Amazon’s Fire doesn’t go on sale until next week but significant numbers of potential tablet buyers already consider it a worthy alternative — or at least complement — to the mighty iPad.
Apple’s tablet has seen many competitors come and go (or come and go and come), and even those which remain have scant share compared to the iPad, which has sold some 26 million since April 2010 and owns a staggering 75 percent of the market. Amazon — with extensive e-ink, e-reader experience but none in actual computers — may seem like an unlikely giant killer.
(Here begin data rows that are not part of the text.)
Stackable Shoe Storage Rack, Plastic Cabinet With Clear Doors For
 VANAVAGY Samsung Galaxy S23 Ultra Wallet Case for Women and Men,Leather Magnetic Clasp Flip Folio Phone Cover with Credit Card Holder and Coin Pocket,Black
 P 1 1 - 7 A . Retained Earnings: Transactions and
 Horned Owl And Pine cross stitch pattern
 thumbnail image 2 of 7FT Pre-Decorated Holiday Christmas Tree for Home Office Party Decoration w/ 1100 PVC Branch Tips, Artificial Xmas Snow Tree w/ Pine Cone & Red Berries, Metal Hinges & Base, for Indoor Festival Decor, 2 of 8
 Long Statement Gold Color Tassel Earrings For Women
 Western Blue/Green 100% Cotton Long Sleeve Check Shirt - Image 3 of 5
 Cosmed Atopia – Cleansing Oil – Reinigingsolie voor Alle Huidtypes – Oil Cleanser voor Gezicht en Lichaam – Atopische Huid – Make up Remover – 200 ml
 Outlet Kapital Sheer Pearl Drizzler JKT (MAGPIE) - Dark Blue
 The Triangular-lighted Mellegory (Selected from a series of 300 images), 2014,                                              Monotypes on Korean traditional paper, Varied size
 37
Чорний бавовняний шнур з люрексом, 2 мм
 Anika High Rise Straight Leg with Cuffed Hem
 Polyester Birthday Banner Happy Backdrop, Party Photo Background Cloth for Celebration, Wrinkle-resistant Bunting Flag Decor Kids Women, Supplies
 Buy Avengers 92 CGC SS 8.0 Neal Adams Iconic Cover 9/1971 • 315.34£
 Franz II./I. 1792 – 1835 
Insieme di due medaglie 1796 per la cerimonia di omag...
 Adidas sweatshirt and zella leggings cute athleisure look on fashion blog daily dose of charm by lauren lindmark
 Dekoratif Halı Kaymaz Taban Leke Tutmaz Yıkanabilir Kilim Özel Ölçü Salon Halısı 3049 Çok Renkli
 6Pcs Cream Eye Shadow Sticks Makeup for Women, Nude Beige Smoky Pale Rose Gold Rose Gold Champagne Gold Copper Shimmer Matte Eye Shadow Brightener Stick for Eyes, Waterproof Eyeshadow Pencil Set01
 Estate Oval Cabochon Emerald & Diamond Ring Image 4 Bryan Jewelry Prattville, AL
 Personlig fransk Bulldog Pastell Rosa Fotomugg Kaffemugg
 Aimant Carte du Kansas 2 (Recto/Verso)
Indeed, asked in a poll commissioned by Retrevo.com, “Do you know what the Amazon Kindle Fire is?” 32 percent said they did not.
But 77 percent said they thought the Fire was either a tablet or an e-reader — both accurate enough answers. And 44 percent said they’d “consider” buying one. And only 12 percent said they would only consider an iPad this holiday season.
Interestingly, current tablet owners said they were far more likely to buy another one than consumers who’d be buying their first. But among current owners, there was more potentially good news for Amazon: 27 percent said they’d get a Fire compared to only 20 percent who would get another iPad. This doesn’t necessarily suggest dissatisfaction with the iPad as much as a desire for diversity. But it would appear to be the first indication ever of greater consumer interest in a non-Apple tablet, and it seems to affirm the initial critical consensus that the Fire may be the first device to seriously answer the question: “Why wouldn’t I get an iPad?”
Price may also be part of the appeal: Amazon’s $200 price tag isn’t much more than the cost of a high-end e-ink reader, and 60 percent cheaper than the cheapest iPad.
But value always trumps cost. Amazon may have out-Appled Apple by building a smaller mobile device (7 versus 9.7 inches) that does nearly 100 percent of an even smaller number of the things that draw people to the iPad — just as the iPad made believers of even skeptical notebook users by emphasizing media consumption over creation, and making e-mail, web surfing and sharing a touch-screen paradise.
The survey was conducted in October among more than 1,000 U.S. respondents, Retrevo said.